▶ **Work to complete**: Leave the pictures out. Return all other data exactly.

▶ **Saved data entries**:
———

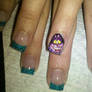 Cheshire Cat - Nail Art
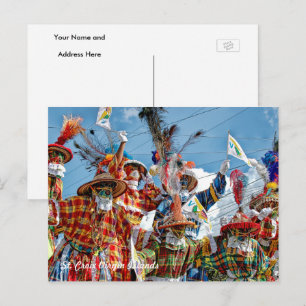 Carte Postale Drapeau des îles Vierges américaines Mocko Jumbies
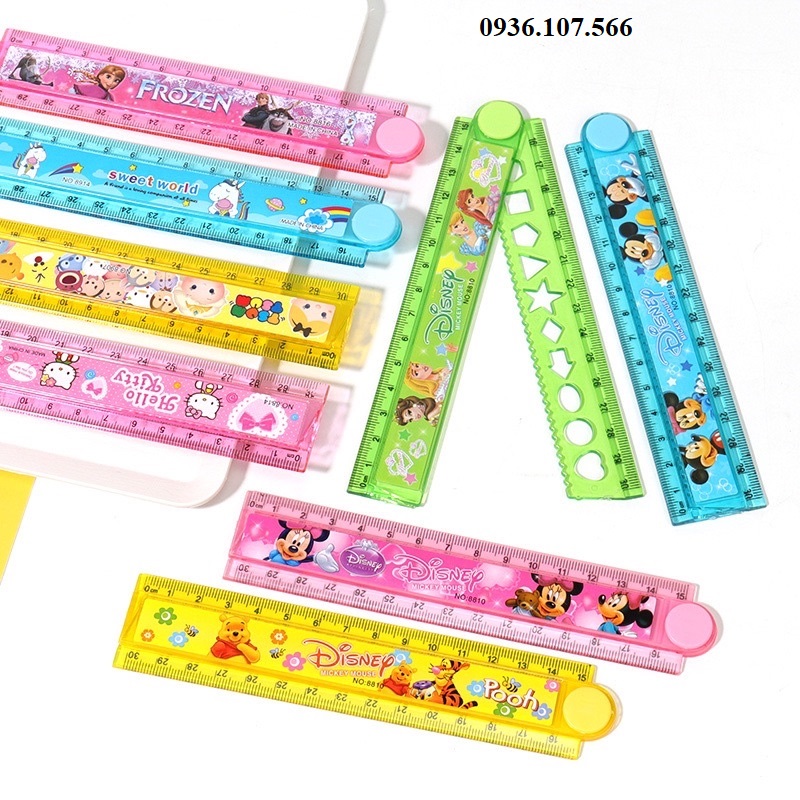 Thước kẻ gấp 30cm Tiện Dụng Cực Dễ thương - 1 chiếc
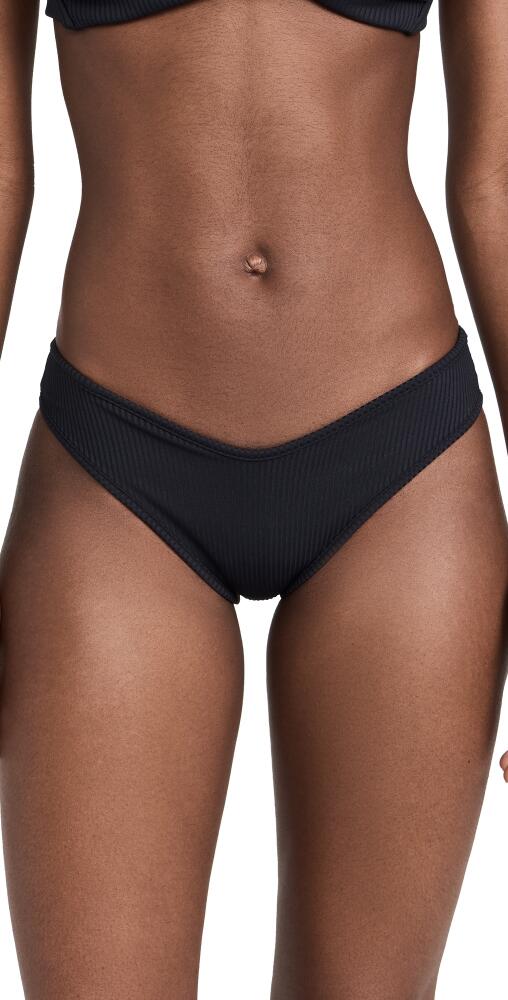 Montce Lulu Bikini Bottoms Black Rib Cover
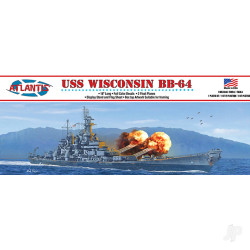 Atlantis Models 1:600 USS Wisconsin BB-64 Battleship 16 Inch CM3006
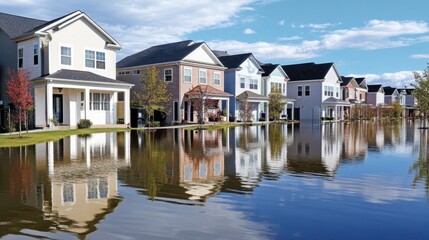 Obraz premium Property insurance protects homeowners from unexpected damages.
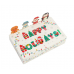 Коробка для десертов с фигурками белая Happy Holidays 25х15х5 см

———

▶ **Task result**:
 Cheshire Cat - Nail Art
 Carte Postale Drapeau des îles Vierges américaines Mocko Jumbies
 Thước kẻ gấp 30cm Tiện Dụng Cực Dễ thương - 1 chiếc
 Montce Lulu Bikini Bottoms Black Rib Cover
 Atlantis Models 1:600 USS Wisconsin BB-64 Battleship 16 Inch CM3006
 Obraz premium Property insurance protects homeowners from unexpected damages.
 Коробка для десертов с фигурками белая Happy Holidays 25х15х5 см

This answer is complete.